脱ステロイドには2つの意味があります。ひとつは、薬物として外用された化学物質としてのステロイドが皮膚から除去されること、もうひとつはステロイド外用により生じた種々の調節機構の撹乱(外用ステロイドの影響)がもとに戻ることである。薬物として外用されたステロイドがヒトの皮膚からどのようなスピードで除去されるかを詳しく検討した研究はない。ネズミでの実験では、前者は短期間に終了すると思われる。ネズミの皮膚に外用されたステロイドは4日後に約10%が残っている。4日で10分の1の濃度になることを前提に計算すれば、8日で1%、12日で0.1%、16日で0.01%、20日で0.001%になる。

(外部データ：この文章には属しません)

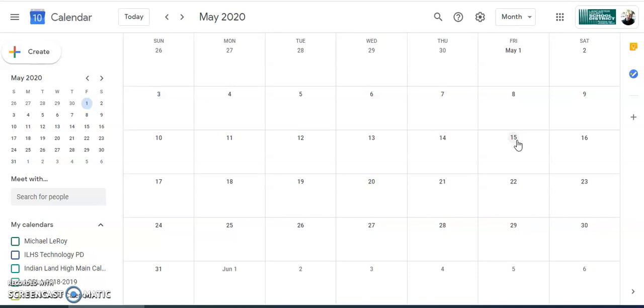Now, of course, if a student doesn't turn it in on time, you're going to have to go chase that book down. But that's what a sealing date does.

外用直後のステロイドの濃度が血中コーチゾールの約100倍であるが、デルモベートを外用していたとしても(ちなみに、最強の外用ステロイドであるデルモベートはコーチゾールの1.000倍の強さがあるので、デルモベートを外用すれば、皮膚局所でのステロイドの強さは血中コーチゾールの10万倍〔100×1000=100,000〕という途方もない値となる)、20日でほぼ血中と同じ程度の強さのステロイドが残るだけとなる。皮膚や血液にはステロイドを不活化する酵素があるので、長くみて20日で薬理作用のある外用ステロイドの化学物質はなくなると考えられる。もちろん、不活化されたステロイドが多少代謝を受け、細胞壁などに残ることはあるが、ステロイド作用のないものであり、まったく問題にならない。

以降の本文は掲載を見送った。